This post is part of the Coping with… series, in which I will share my experiences with Borderline Personality Disorder. Whether you also have BPD or you struggle with depression, anxiety, and stress, I hope this series will be helpful to you.
There are many reasons why being single is so difficult for those of us with BPD and other similar disorders. I think it’s really important to acknowledge why it’s so hard before attempting to get past it. In Plato’s Symposium, he tells this myth to explain romantic relationships. According to him, humans used to be both male and female, therefore whole. But in their contentness, they had no need and began to rival the gods. As punishment, Zeus split all humans into male and female. From then on, they were condemned to wander the earth searching desperately for their other half, imperfect in all the ways they were. This lack of wholeness, or emptiness, is amplified tenfold in people with BPD. Ever since my first real crush at 16, I have believed that I needed someone to complete me. I chased one guy after another because the brief euphoric high I felt when they liked me back, kissed me back, touched me back, made it all worth it. Freshman year, I fell into a religious cult after they convinced me that God was the one who would make me whole.
Months of prayer later, I felt as empty as ever.
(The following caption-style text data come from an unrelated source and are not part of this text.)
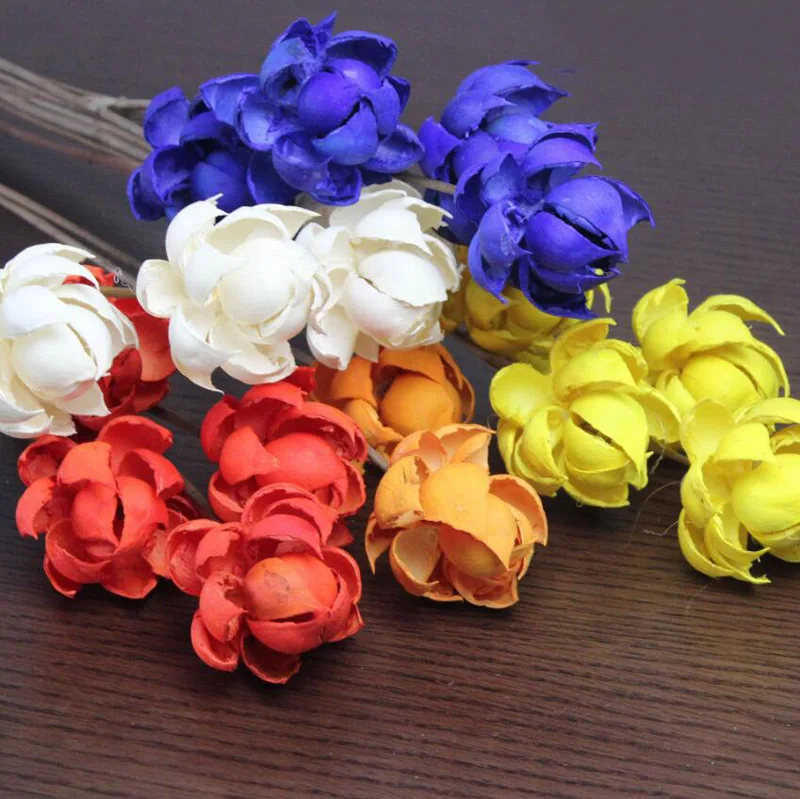 10pcs Medinilla Magnifica Dried Flower For Wedding Party Home Hotel Decoration DIY Bouquet Project Accessory
10pcs Medinilla Magnifica Dried Flower For Wedding Party Home Hotel Decoration DIY Bouquet Project Accessory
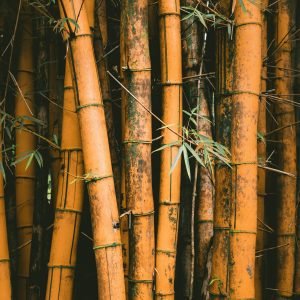 jakob owens w0bocwrjr9y unsplash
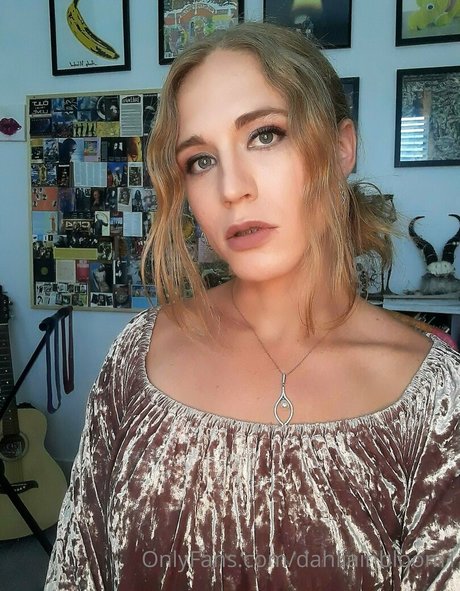 dahliainbloom1 hd star galleries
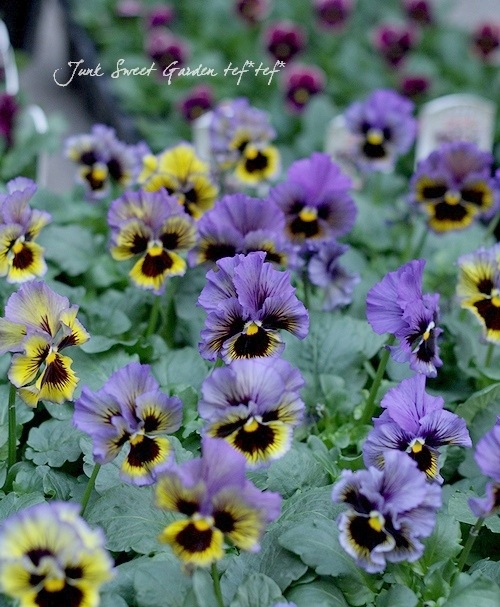 <i>Violawittrockiana </i><BR><BR>եѥ󥸡<BR>եꥺ륷<BR>إ֥롼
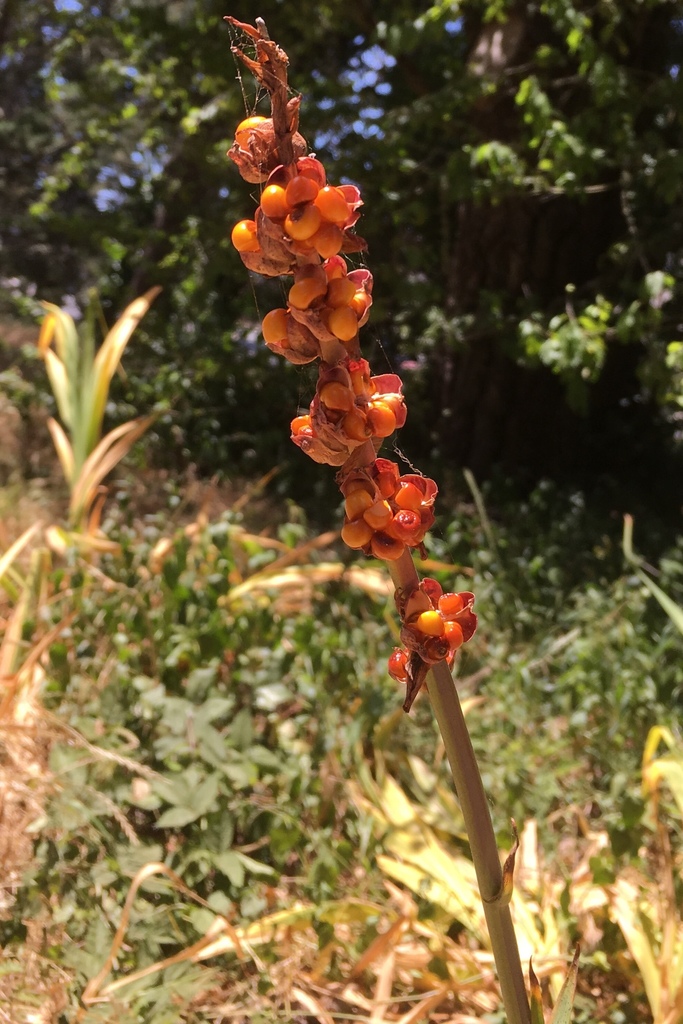 Chasmanthe floribunda, Golden Gate Park, San Francisco, CA, US, by alexis_amphibian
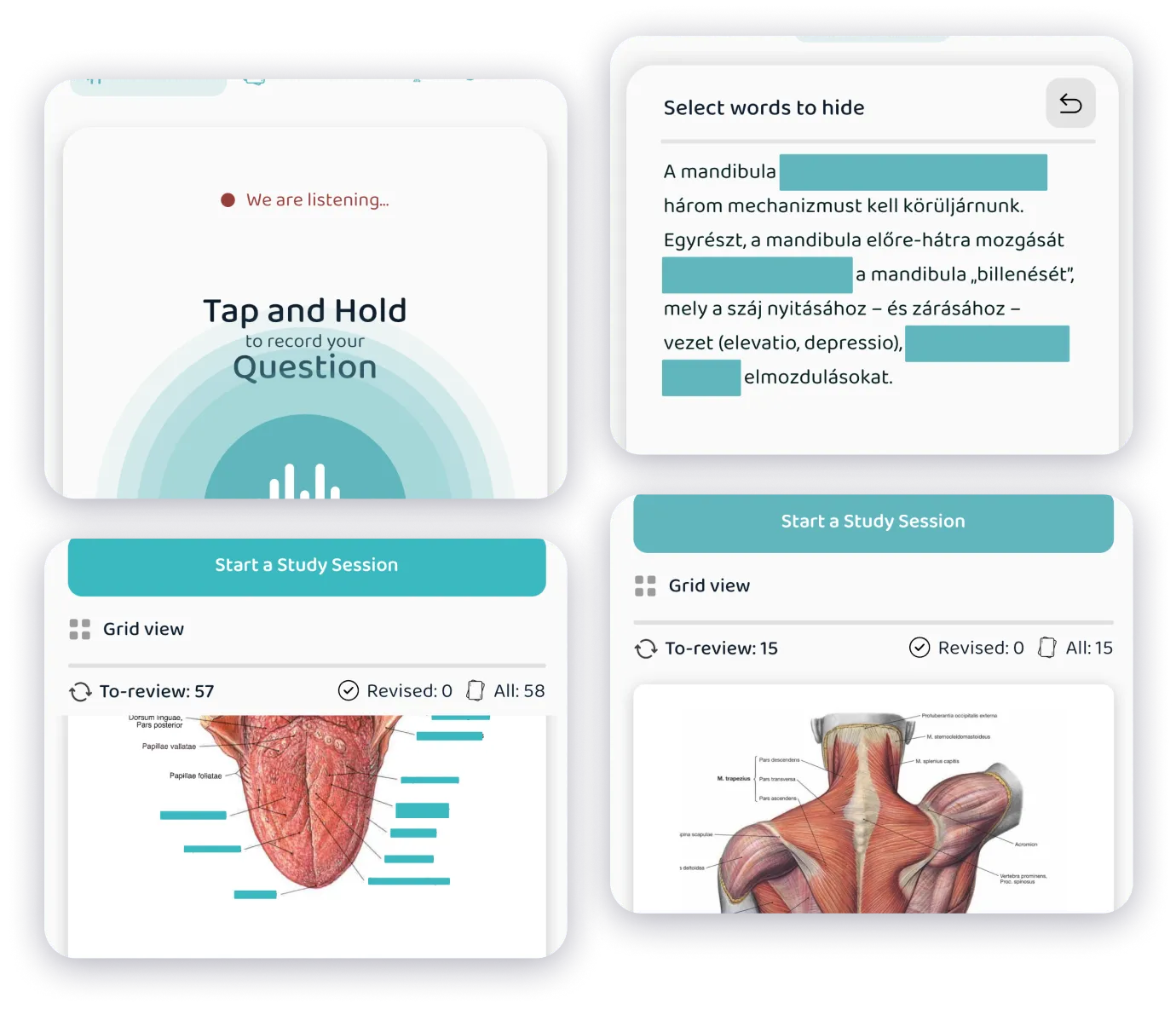 voice card, fill in the blanks, diagram card screenshots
When you have BPD, you often forget who you are. One therapist described BPD as such: it’s like you’re always standing in the midst of a hurricane and your likes and dislikes are road signs. They exist, they are there, but whether they are visible entirely depends on the intensity of the storm. When every fundamental thing about you can change at any moment, you end up in a perpetual identity crisis. This not only makes you feel empty, it also makes a romantic partner all the more appealing. Although everyone desires on some level to be known, BPDs need someone to be their baseline, their sanity check, their historian. Correction — they believe they need that person. Because non-BPDs make it so easy. I often relied on my ex-boyfriends to tell me who I was. “When I see you, Rebecca, I see someone who’s terribly naïve and innocent, but badly scarred by life.” “I don’t think you know what you want.” “I make you happy, but you’re never going to be satisfied with me.” The problem with my behavior was that 1) my exes weren’t always right about me and 2) it made for horribly codependent relationships.
The biggest lie that we BPDs tell ourselves every day is that we cannot be alone.
It’s simply not true. Yes, it’s damned hard to be alone. Sometimes, it feels like we don’t exist anymore. Sometimes, it feels like nothing is worth it anymore. Sometimes, it feels like we could die and it wouldn’t even matter. The temptation to chase another forbidden fruit is hard to resist. I’ve been single for all of 21 days (woohoo!), and I really wanna text my hookup buddy. But I know that, at this moment, I’m too fragile to handle a casual relationship. Plus, I’m pretty sure he had feelings for me towards the end and was pissed I started dating someone else. Even though I don’t owe him anything, he’s still human, and he doesn’t deserve for me to bait him back into my life only to ditch him for another dude. Because the truth is that, as cute as hookup buddy is, he’s not someone I really want in my life. Admitting that is much more difficult than you might think.
Yes, all of this is hard, but we can do it. The day we learn to be our own baseline, sanity check, and historian is the day that we begin to feel whole.
Has your mental illness threatened to turn you into a serial monogamist?